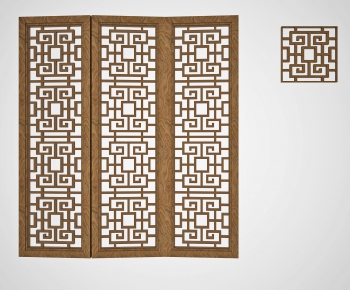 New Chinese Style Partition-ID:709319275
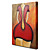  Hand-painted Abstract Oil Painting  with Stretched Frame
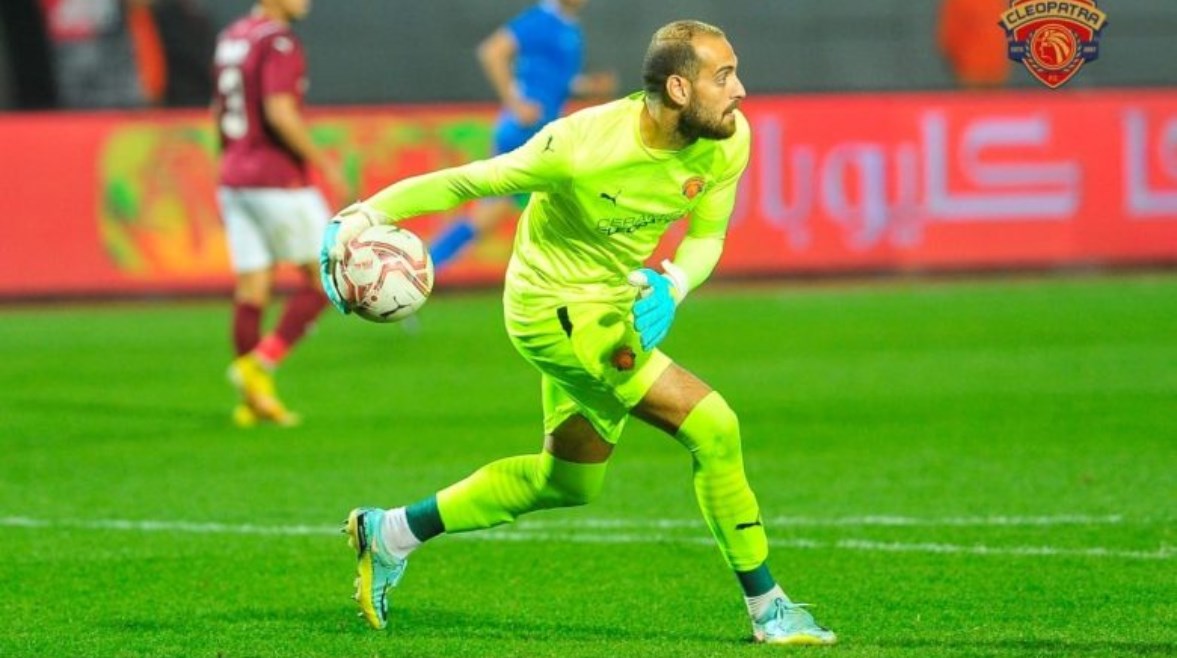 محمد بسام حارس سيراميكا 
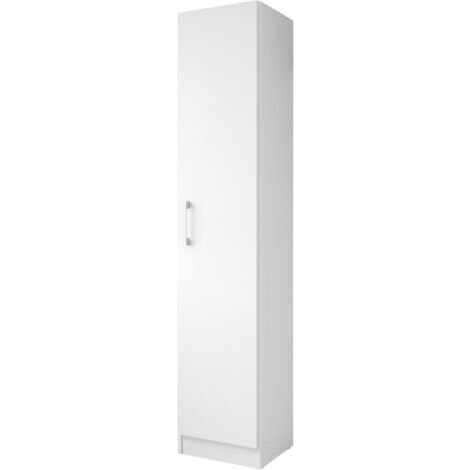 Armario Hogar 1 Puerta 170X35X32 Blanco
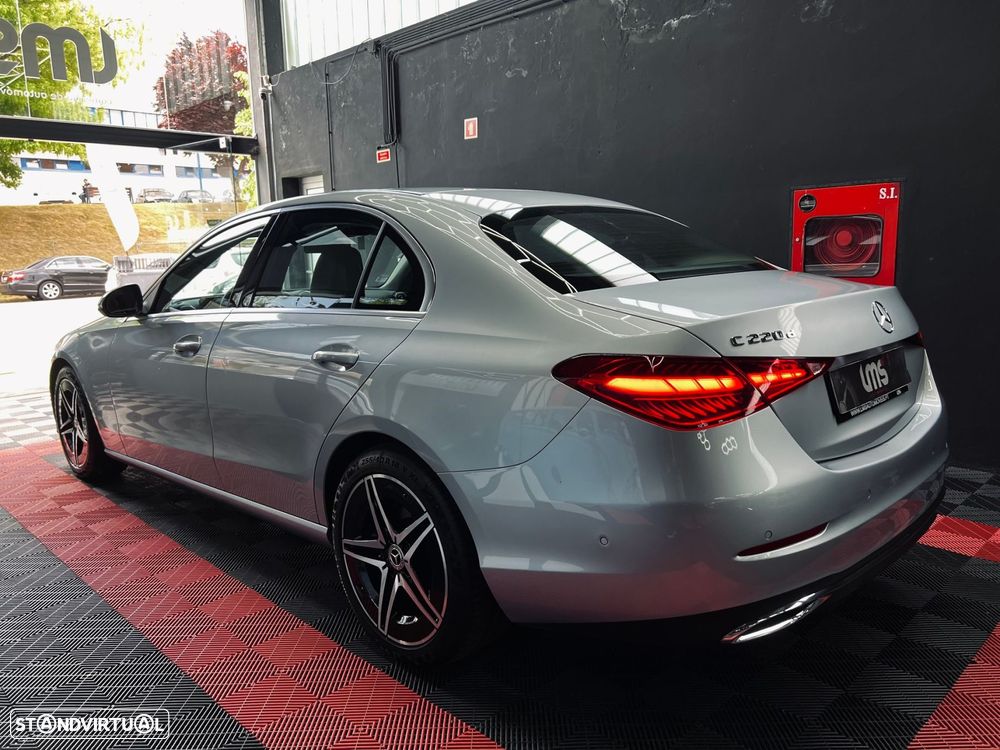 Mercedes-Benz C 220 d Avantgarde - 8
==================================================
Your goal - The output consists of exactly the lines from the one containing "Hand-painted Abstract Oil" through the last line of the listing, both included, with no pictures.

Finished exercise -
  Hand-painted Abstract Oil Painting  with Stretched Frame
 محمد بسام حارس سيراميكا 
 Armario Hogar 1 Puerta 170X35X32 Blanco
 Mercedes-Benz C 220 d Avantgarde - 8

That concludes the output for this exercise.